Keywords

1 Introduction

Time inconsistency, also called dynamic inconsistency, refers to the phenomena that the long-term optimal decision policy determined at time 0 is no longer optimal when reconsidering the truncated decision problem at time t. Many real-life decision problems are time inconsistent problems, such as whether to abstain from smoking.Footnote 1 Apparently, the long-term optimal decision is to insist abstaining from smoking. However, when coming into action, the smoker may prefer to smoke today and abstain tomorrow. The reason behind is that comparing to the present temptation (the pleasure of smoking), the decision maker evaluates the bad consequences received in the future (bad health) with a large discount factor, which is also called the present bias (see Thaler 1981; Loewenstein and Prelec 1992). In the literature, the time inconsistent problem is also called the self-control problem, as the decision maker needs to exert proper self-control in order to achieve a good long-term performance.

Essentially, when a decision maker faces a dynamic decision-making problem, his/her preferences at different time instants for the corresponding tail parts of the time horizon could be time-varying and/or state dependent. Actually, we all have faced occasions in which we change our minds, but usually we do not go to extraordinary steps to prevent ourselves from deviating from the original plan. The only circumstances in which we would want to commit ourselves to our planned course of action is when we have a good reason to believe that if we change our preferences later, this change of preferences will be a mistake. In the smoking case, the smoker definitely believes that abstaining from smoking is good for health. Thus, the crucial question is this: if I know I am going to change my mind about my preferences, when and how would I take some actions to restrict my future behaviour?

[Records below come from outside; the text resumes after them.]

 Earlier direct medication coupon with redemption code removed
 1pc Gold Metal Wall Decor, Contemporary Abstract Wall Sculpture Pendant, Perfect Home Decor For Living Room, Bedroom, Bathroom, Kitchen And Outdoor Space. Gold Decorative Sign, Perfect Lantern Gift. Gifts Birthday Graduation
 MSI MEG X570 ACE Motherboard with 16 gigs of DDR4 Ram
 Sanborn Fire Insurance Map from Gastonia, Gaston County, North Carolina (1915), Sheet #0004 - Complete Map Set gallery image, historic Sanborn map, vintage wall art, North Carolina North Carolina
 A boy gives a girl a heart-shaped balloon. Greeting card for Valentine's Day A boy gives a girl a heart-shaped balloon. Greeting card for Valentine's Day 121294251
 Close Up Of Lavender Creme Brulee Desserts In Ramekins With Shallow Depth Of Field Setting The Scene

In this article, we start by summarizing some progress in dealing with the time inconsistency and self-control issue, especially in the dynamic investment area. We then describe some major open questions in this area.

2 Progress

2.1 Separable Problem Versus Non-separable Problem

The time inconsistent problems can be classified into two categories: separable ones and non-separable ones, which are caused by the present bias and the non-separable preference, respectively. Dynamic investment and consumption problems with quasi-hyperbolic discounting and dynamic mean-variance portfolio selection problems are two salient time inconsistent decision problems in the literature. The past few years have seen substantial progress in our understanding of the time consistency issue. Much of the progress concerns these two problems.

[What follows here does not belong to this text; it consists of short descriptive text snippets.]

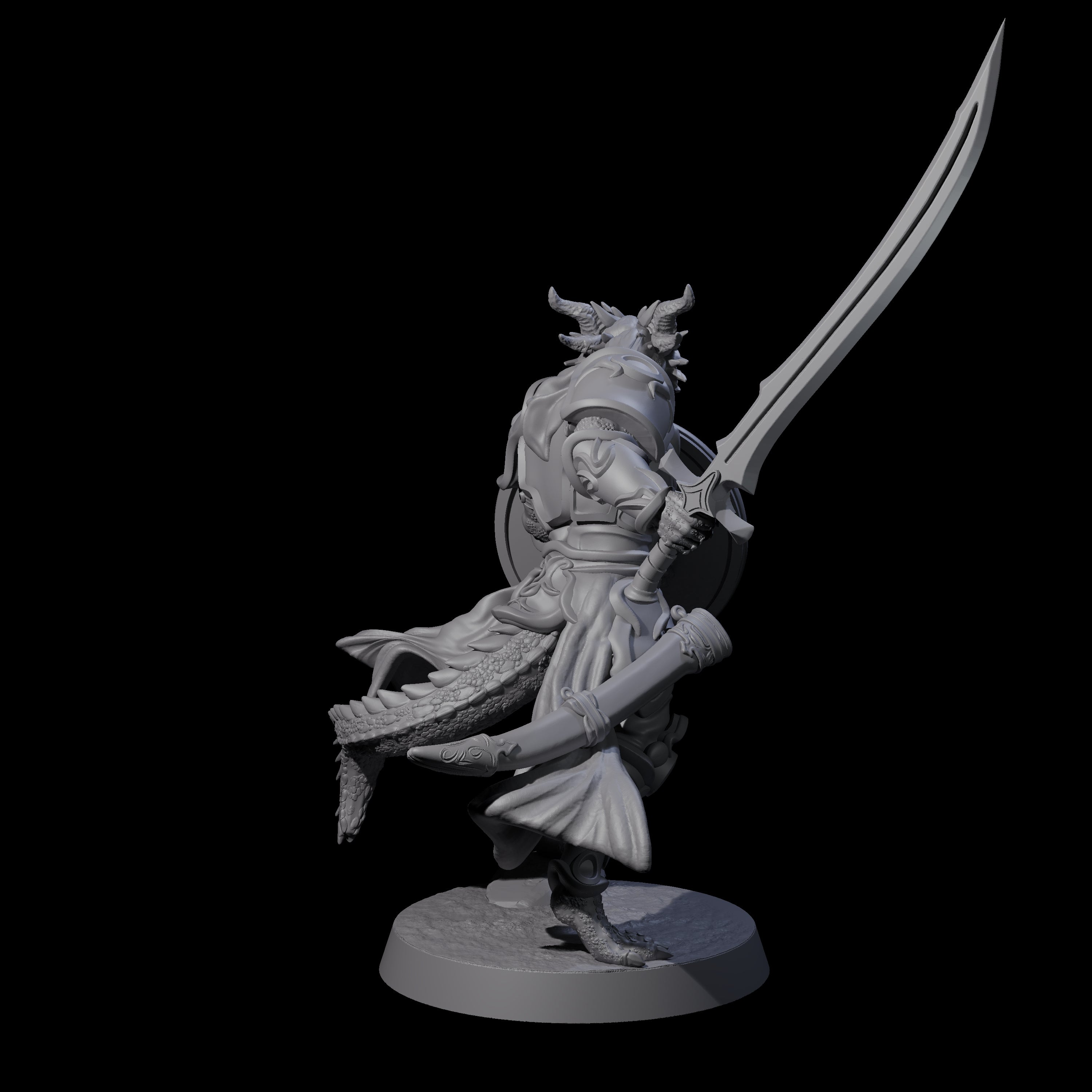Swinging Dragonborn Flameblade C Miniature for Dungeons and Dragons, Pathfinder or other TTRPGs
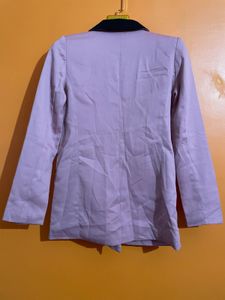Shoulder-15.5 inches Pink Double-Breasted Blazer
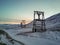 Abandoned coal cable way in Longyearbyen during the polar night season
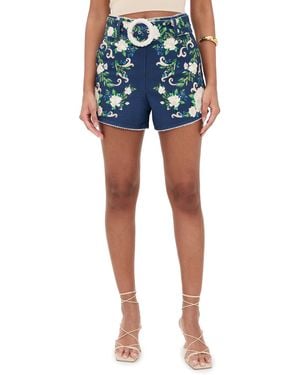FARM Rio Flower Tapestry Shorts - Blue
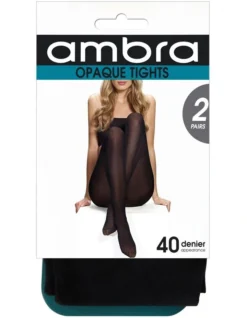 40 Denier Opaque Tight Navy 2 Pack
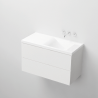 Waschbecken Lino, Mineralkomposit, Halb-Einbaumontage, versteckter Abfluss, 100x47 cm Waschbecken Lino, Mineralkomposit, Halb-Einbaumontage, versteckter Abfluss, 100x47 cm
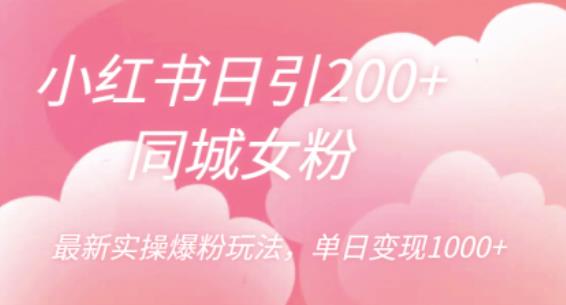小红书日引200+同城女粉，最新实操爆粉玩法，单日变现1000+【揭秘】-副业宝典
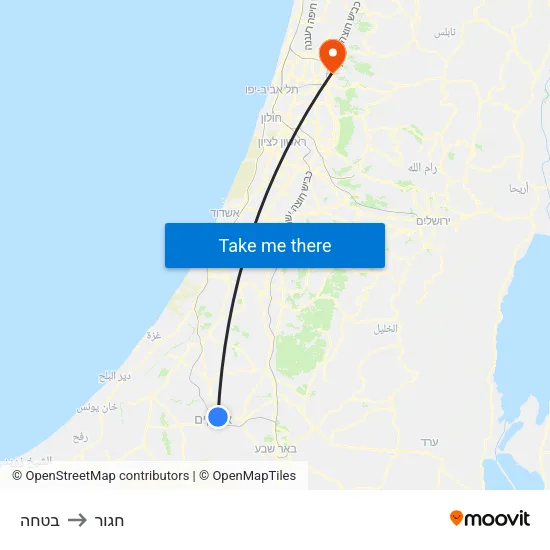 בטחה to חגור map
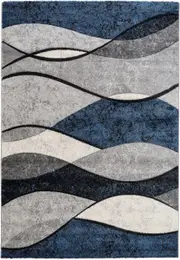 Delano Blue Waves Pattern Modern Rug
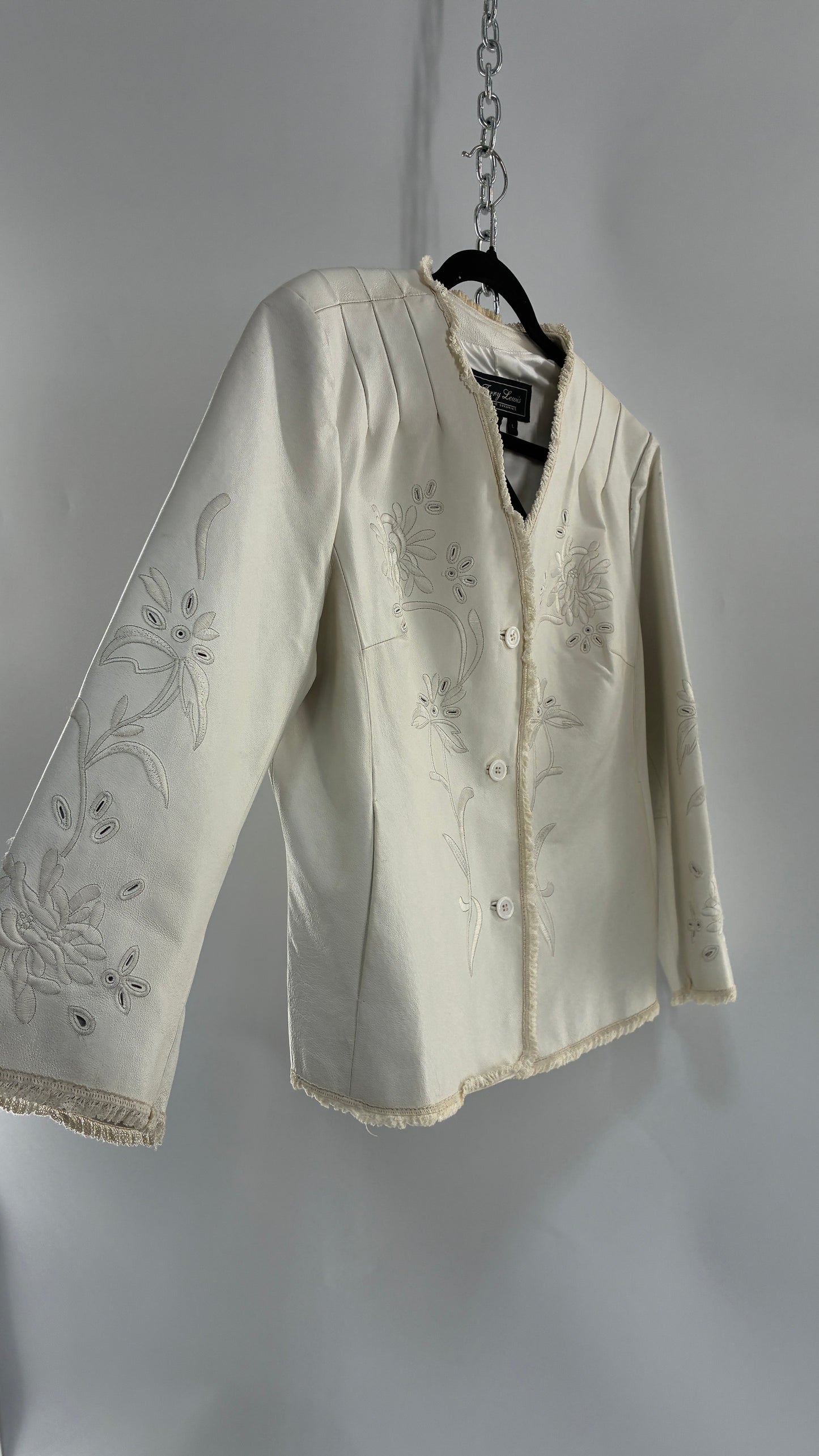 Vintage TERRY LEWIS White Leather Pleated Back, Embroidered Jacket with Lace Trim (Large)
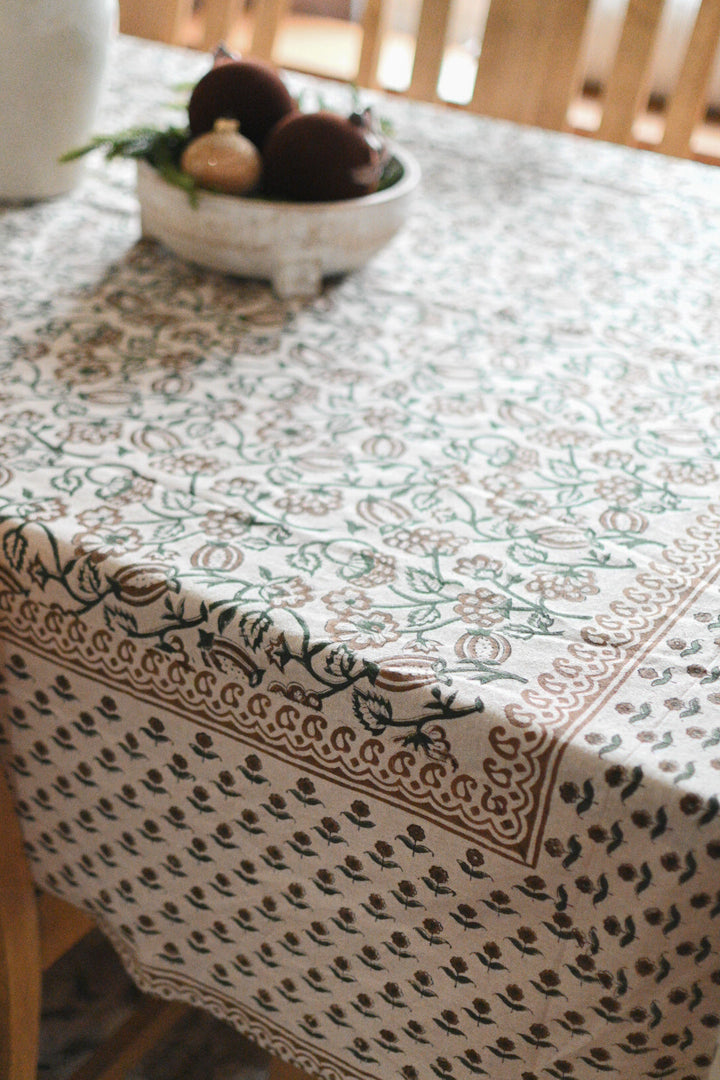 Chloe Floral Block Print Tablecloth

For the dynamic investment and consumption problem with quasi-hyperbolic discounting, the decision maker’s time preference, which represents the value at time t of $1 received at future time s, is described by

$$\displaystyle{ D_{t}(s) = \left \{\begin{array}{ll} 1, &\mbox{ if }s = t, \\ \beta \delta ^{(s-t)},&\mbox{ if }s > t, \end{array} \right. }$$

where 0 < β < 1 is the quasi-hyperbolic discounting parameter and represents the short-run discounting, and δ represents the long-run discounting (see Laibson 1997; O’Donoghue and Rabin 1999). The quasi-hyperbolic discounting is a typical and well-documented time preference with present bias, under which the decision maker tends to underestimate the value of payoff in the future. The decision maker’s investment objective at time t is the expected sum of discounted utilities of the future consumptions and the terminal wealth,

$$\displaystyle{ \mathbb{E}_{t}\left [\sum _{s=t}^{T-1}D_{ t}(s)U(c(s))\right ] + D_{t}(T)\mathbb{E}_{t}[U(X(T))]. }$$

Due to the existence of the short-run discounting parameter β, the preferences at different time instants are inconsistent. The decision maker may switch his/her mind at a later time t and prefer to consume more than his/her original plan to maximize his/her short-term preference (see Thaler and Shefrin 1981). The smaller the parameter β, the larger the conflict between the long-term optimal consumption plan and the short-term optimal consumption plan.

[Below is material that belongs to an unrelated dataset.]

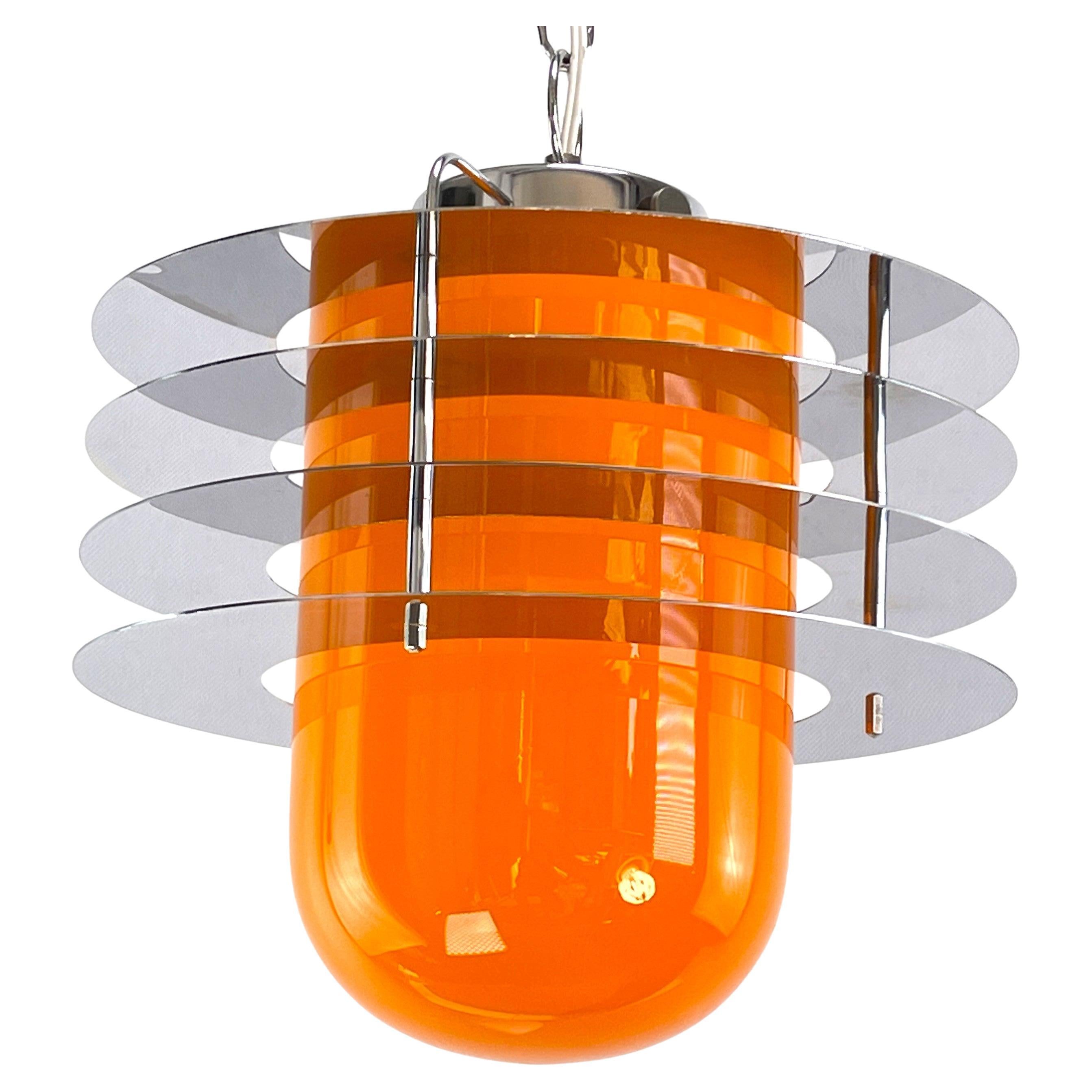 Space Age Lounge Ceiling Lamp with Orange Glass, 1970s For Sale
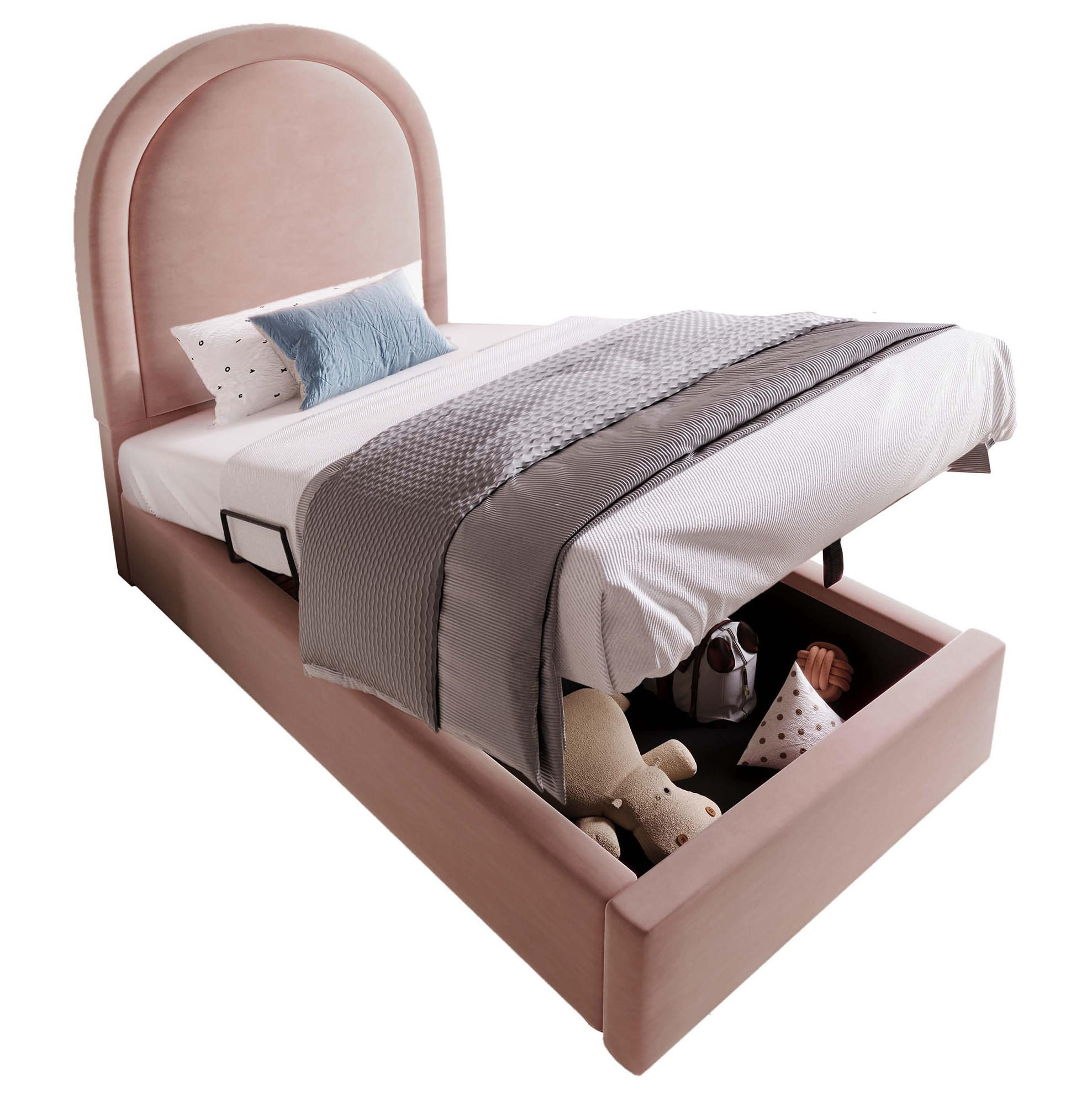 POLSTERBETT 90/200 cm Rosa aus Samt mit Bettkasten - Rosa, Textil (90/200cm) - OKMYHOME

For dynamic mean-variance portfolio selection problem, the decision maker’s preference at time t is the weighted sum of the conditional expected value and the conditional variance of the terminal wealth,

$$\displaystyle{ \mathbb{E}_{t}[X(T)] -\lambda \mbox{ Var}_{t}(X(T)), }$$

where λ > 0 is the risk aversion parameter. As the variance term does not satisfy the smooth property, i.e., Var t (X(T)) ≠ Var t (Var s (X(T))) for s > t, the preferences at different time instants would be definitely inconsistent. After a mean-variance investor derives his/her long-term optimal investment strategy at time 0, he/she could be tempted to adopt a different strategy at a later time t in order to achieve a short-term mean-variance efficiency (see Basak and Chabakauri 2010; Cui et al. 2012).

One significant difference between the above two problems is that the objectives of the dynamic investment and consumption problem with quasi-hyperbolic discounting at different time instants only involve the separable expectation operator (which can be represented as the expected sum of the future discounted performance measures), while the objectives of the dynamic mean-variance portfolio selection problem at different time instants involve a non-separable operator: variance. In addition, almost all widely adopted risk measures in static portfolio selection, including variance, semi-variance, value-at-risk (VaR) and conditional value-at-risk (CVaR), become time inconsistent in dynamic mean-risk framework (see Boda and Filar 2006). Moreover, all those risk measures are of a non-separable nature.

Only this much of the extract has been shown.